Exercise description: For this exercise, the lines from the one with "Lampade a sospensione moderne in metallo" through the final line of the data below are to be transcribed exactly, and pictures are to be skipped.

Image-caption web data:
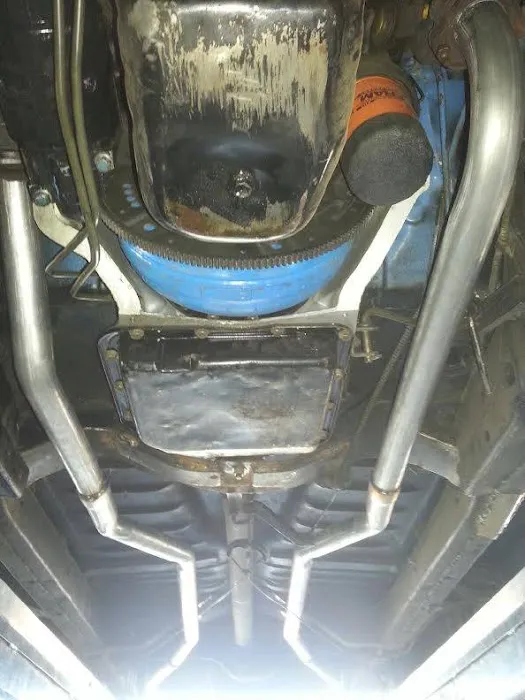 A C W Mufflers 8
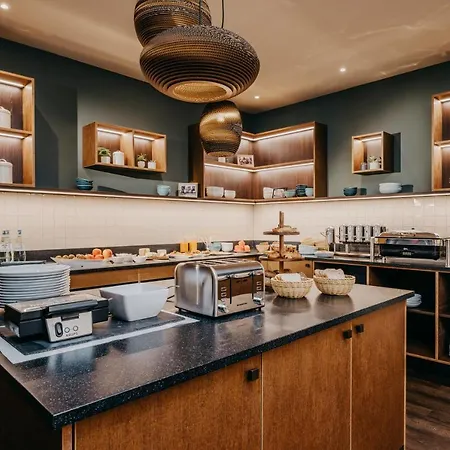 Boutique-Hotel Zur Alten Post-3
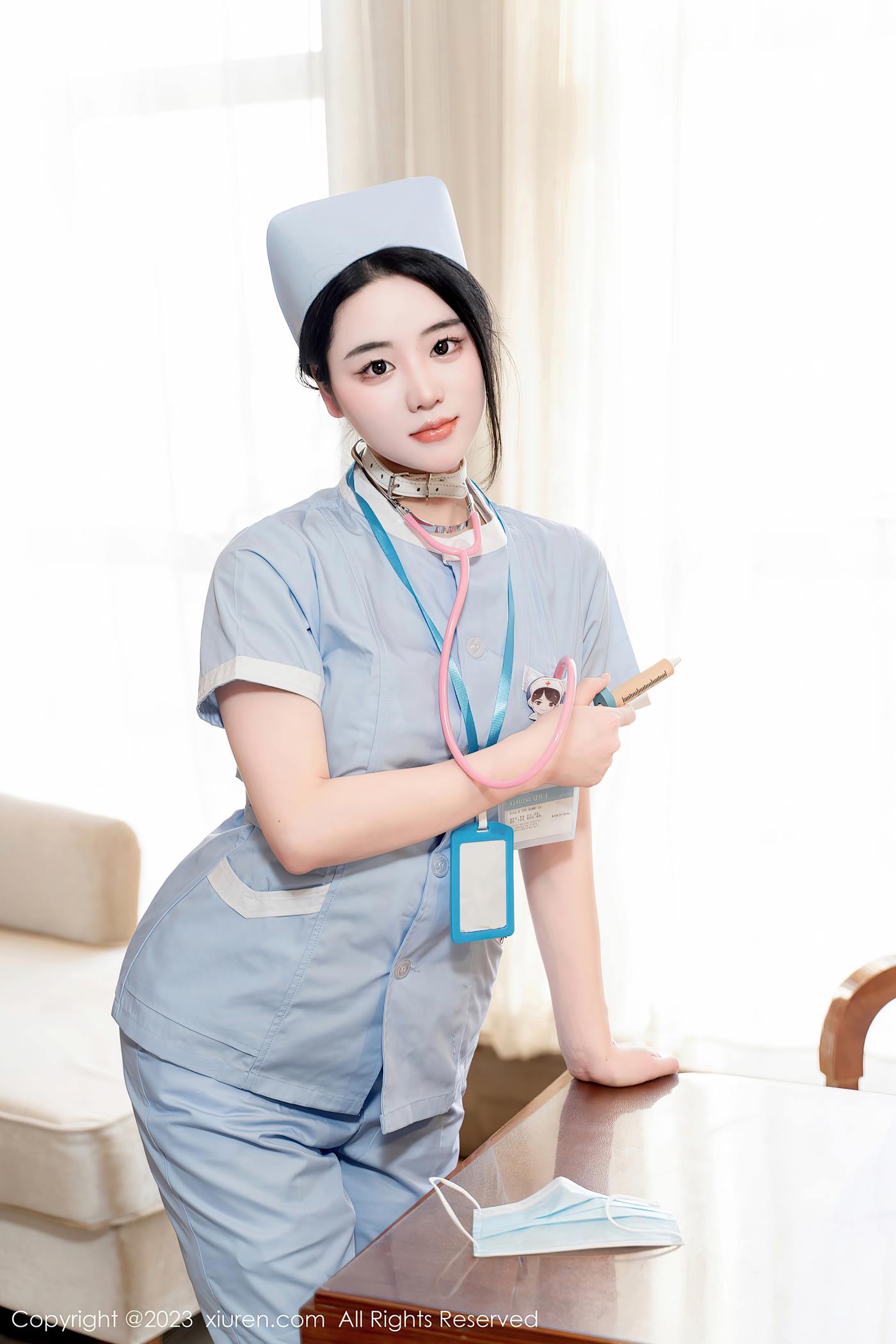 [Xiuren秀人网]2023.06.07 NO.6868 汐汐爱吃草莓[62+1P/481MB]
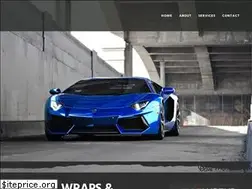 Sites similar to wrapworks.com
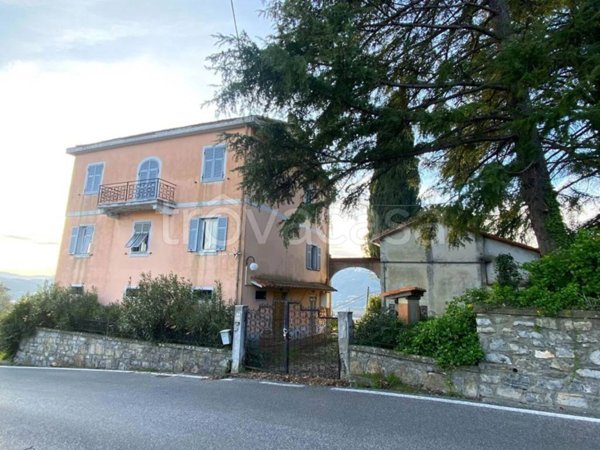 casa indipendente in vendita a Bolano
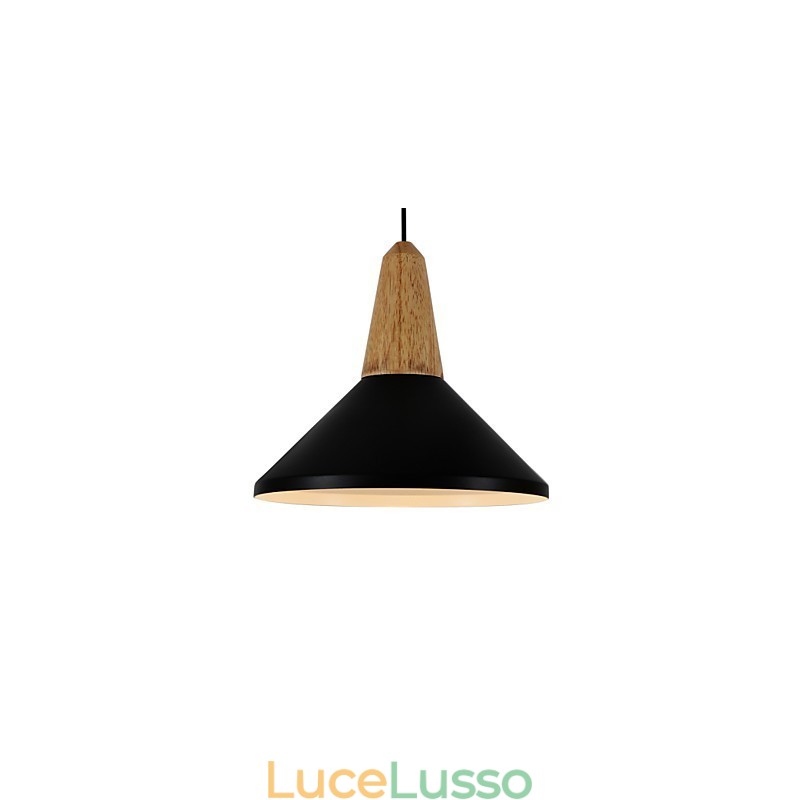 Lampade a sospensione moderne in metallo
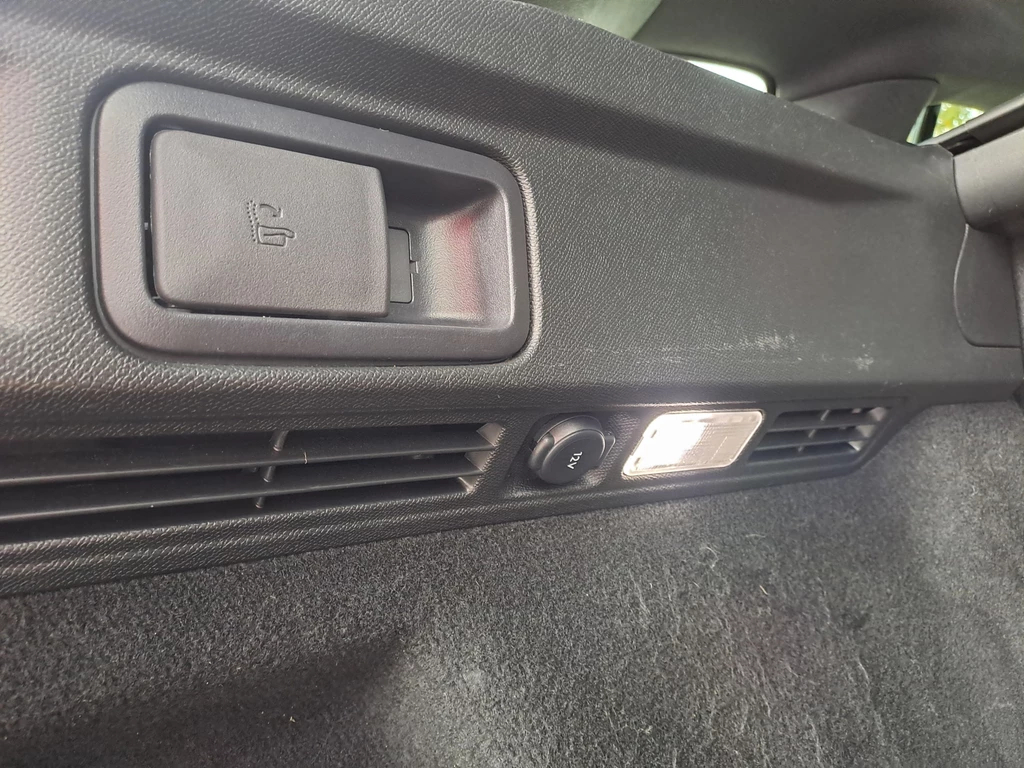 Peugeot 508 – foto 9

Solution:
 Lampade a sospensione moderne in metallo
 Peugeot 508 – foto 9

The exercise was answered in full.